As people consume oil and other goods dependent upon oil, they have less money to spend for other goods.  Money is drained off to oil producing countries abroad  Demand for domestic consumer goods and services declines.  Unemployment increases.

 

We are also experiencing increased competition from foreign countries in East and South Asia, Mexico and other low wage countries.  This dampens inflation.  But money and jobs are drained off to foreign producers.  Reduced demand for American goods causes increased unemployment.  Unemployment is also increased as service jobs are outsourced to other countries.

 

Wages (in real terms) for most Americans have stagnated or declined during the last 30 years.  Even with more family members seeking work and borrowing heavily through credit cards and home equity, family incomes have stagnated.  A lesser proportion of us have middle incomes, as some are receiving higher incomes and many are receiving lower incomes.  This has been aggravated by tax decreases for our wealthy and reduced support for our poor.  The higher a person’s income and wealth, the less the proportion they spend upon domestic consumer goods and services.  Our increasing financial inequality is reducing our demand and increasing our unemployment.  For more.  For more.

 

Contrary to Conservative claims, the Bush income and estate tax cuts oriented heavily toward our wealthy have harmed our economy, producing the slowest economic growth in decades.  The proposed tax stimulus package will similarly provide inadequate stimulus.  For more.

 

To Stop Stagflation

The above examination of factors producing stagflation suggests these remedies:

 

·       Prioritize our internal security measures based upon likelihood and magnitude of threats.
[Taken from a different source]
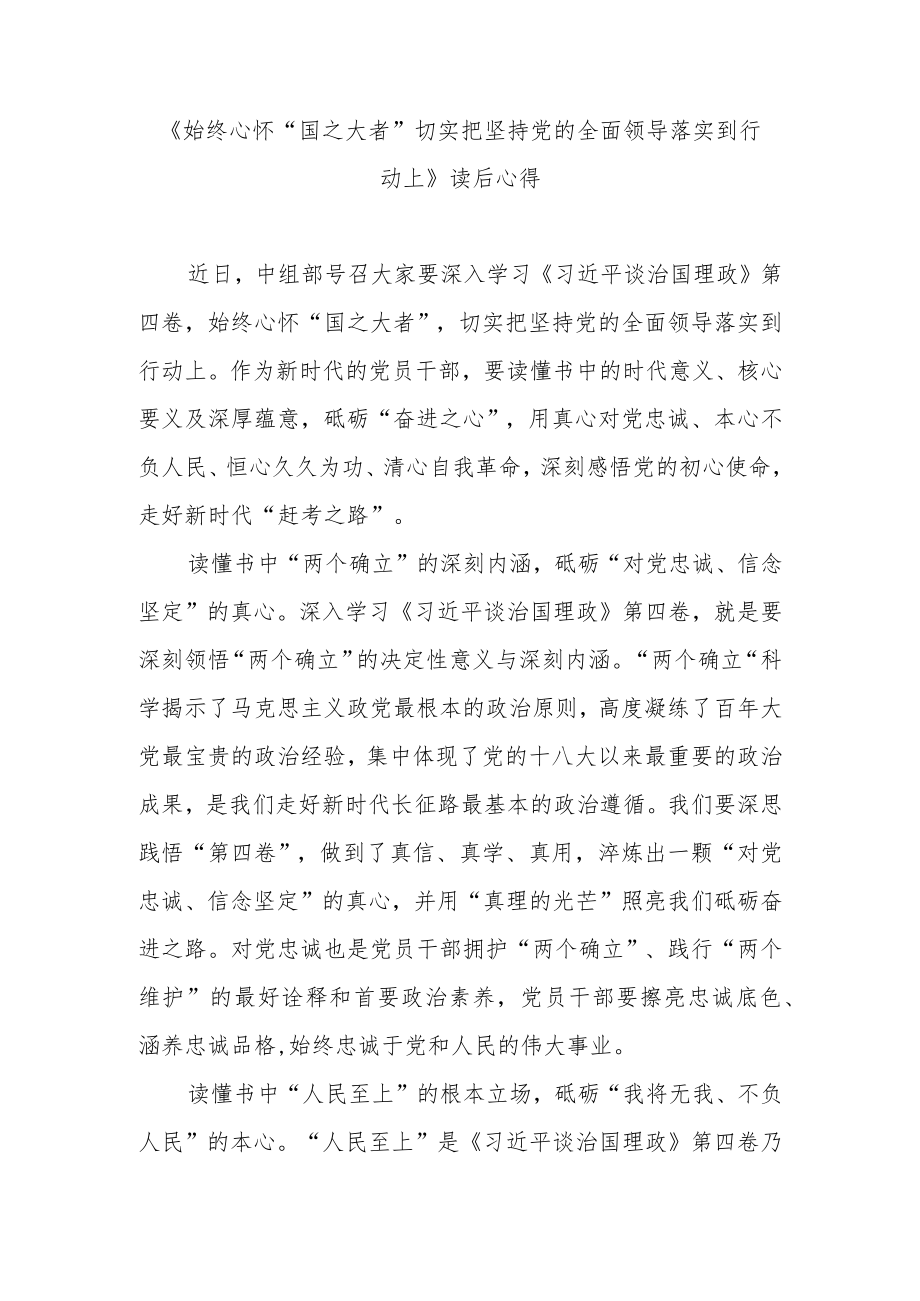 《始终心怀“国之大者”切实把坚持党的全面领导落实到行动上》读后心得2篇.docx_第3页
·       Restrict our national guard to internal security duties, except for congressionally declared foreign emergencies.

·       Support creation of an international justice and peace capability, so we aren’t tempted to police the world.

·       Downsize our military to orient only to probable military challenges.

·       Bring our troops home from Iraq.

 

·       Reduce consumption of foreign oil through conservation, recycling and alternative energies.

·       Invest in producing alternative energies

·       Invest in producing vehicles and other machines which conserve energy and use sustainable energy.

·       Use grains to provide food instead of fuel.

·       Protect our environment to deduce public costs.

 

·       Invest to maintain and enhance our physical infrastructure.

·       Invest to provide quality care and education to every child and person from birth throughout their life.

·       Provide sufficient educational assistance to qualified students.

·       Invest to provide quality cost controlled health care to all.

·       Allow our government to bargain with health care providers.

 

·       Substitute public health care insurance for private insurance.

·       Substitute consumption taxes for job (FICA) taxes.

·       Restore and enhance worker rights, including especially the rights to unionize and bargain.

·       Create a fair progressive income tax which doesn’t contribute to unwarranted financial inequality.

·       Create measures to provide adequate incomes to workers and disabled people.

 

·       Regulate industries and businesses to restore appropriate competition; reduce corruption; prevent bubbles; and protect our employees, investors, suppliers, consumers and environment.

·       Eliminate privatization of government work, with no-bid contracts to campaign contributors.

·       Eliminate both Republican and Democratic earmarked pork contracts to campaign contributors.

·       Regulate foreign trade to require competitors to improve their labor, consumer and environmental standards.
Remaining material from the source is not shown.